The only thing that I can think is a danger is that the financial industry leave UK. Some banks has already stated that they will leave. And I really dont think that it is good if they do


----------



## David_&_Letitia (Jul 8, 2012)

Baywatch said:


> The only thing that I can think is a danger is that the financial industry leave UK. Some banks has already stated that they will leave. And I really dont think that it is good if they do


Maybe Barclays would move their operation to Cyprus?


----------



## Veronica (Apr 5, 2008)

David_&_Letitia said:


> Maybe Barclays would move their operation to Cyprus?


very funny


----------



## Veronica (Apr 5, 2008)

Actually it looks as though What Barclays has done may be classed as discrimination and they could be in trouble.

I found this on another forum.


Barclays may be be guilty of a discriminatory act

BARCLAYS Discriminatory Treatment of Ex-Pat Customers
Thousands of ex-pats in Cyprus (and Malta and shortly Greece) have just received letters from Barclays (Personal Banking) informing them that unless they keep a balance of £100,000 in their Barclays current account, that account will be closed solely because they do not reside in the UK, even though they are British (or at least EU) citizens residing in an EU country (Cyprus).

The letter says:
As part of a global review of our business Barclays has taken the strategic decision to focus on a core set of 70 markets globally. We have therefore taken the difficult decision to, over time, close accounts for those clients who fall outside our new market strategy.
As a result of this decision, we are introducing a new minimum threshold for clients resident in Cyprus. With effect from 11 September 2015 you will be required to maintain £100,000 in your Barclays accounts.
If you do not take any action, we will close your account on or shortly after 11 September 2015. We understand that you may be disappointed by this and we will aim to offer you as much assistance as possible during this transition period.


Barclays know that the regulations that the UK Government intends to enact in order to fulfil the EU Payments Account Directive (2014/92/EU) state in section 18:
Non-discrimination in the provision of payment accounts
A credit institution must not discriminate against consumers legally resident in the EU by reason of their nationality or place of residence or by reason of any other ground referred to in Article 21 of the Charter when those consumers apply for or access a payment account.
The conditions applicable to holding a payment account with basic features within the meaning of regulation 19 must not be discriminatory.

See:
https://www.gov.uk/…/implementation-of-the-eu-payment-accou…
and
https://www.gov.uk/…/20150618_Payment_Accounts_Regulations_…

The UK government regards a “current account” as being a “payment account with basic features” for the purpose of this legislation. These regulations will come into force on 18th September 2016 and the UK government has already stated:
The government set the threshold for participation in the 2014 agreement on the basis of firms’ personal current account market share at the start of negotiations. Firms with a market share greater than 1 per cent of the market were invited to participate. The nine banks who have agreed to offer basic bank accounts at present, in line with the 2014 agreement, are: Barclays, the Co-operative Bank, HSBC, Lloyds Banking Group (including Halifax and Bank of Scotland brands), National Australia Group (including Clydesdale and Yorkshire brands), Nationwide, RBS Group (including NatWest and Ulster Bank brands), Santander and TSB.
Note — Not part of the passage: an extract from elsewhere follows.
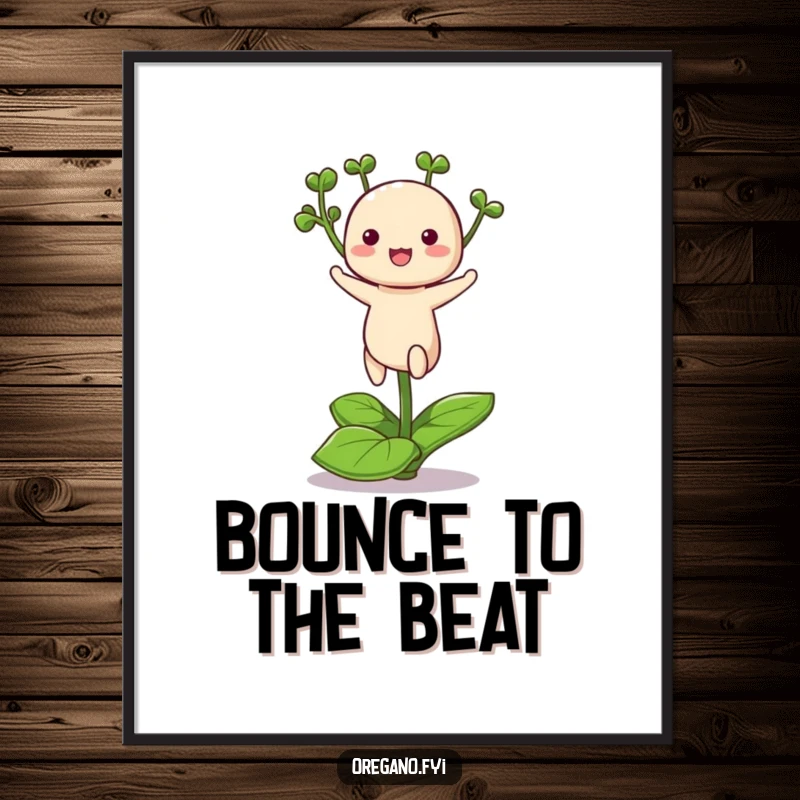 Funny digital art print of a cute kawaii oregano herb joyfully hopping on a single leaf, radiating pure excitement.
It is incredible therefore that the terms stated in Barclays letter contravene both of the anti-discrimination clauses of section 18 of the proposed banking regulations that Barclays has already agreed to implement.
Many of the recipients of the letter have held a current account with Barclays for decades, so there is no question of the “Due Diligence - Know Your Customer” banking regulations having a bearing on their decision.
Most deposits into most of these current account originate from within the UK. Almost all withdrawals from these current accounts originate from direct debits or standing orders that transfer money into accounts that are within the UK. Country of residence therefore has no bearing on the way this account is accessed and managed. Using the fact that the holders are non-UK resident as a reason to close the accounts is therefore discriminatory!
Most other transactions (i.e. ones that are not standing orders and direct debits) are done by internet banking, which has no dependence whatsoever on where in the world such transactions originate, so again this has no bearing on Barclays decision.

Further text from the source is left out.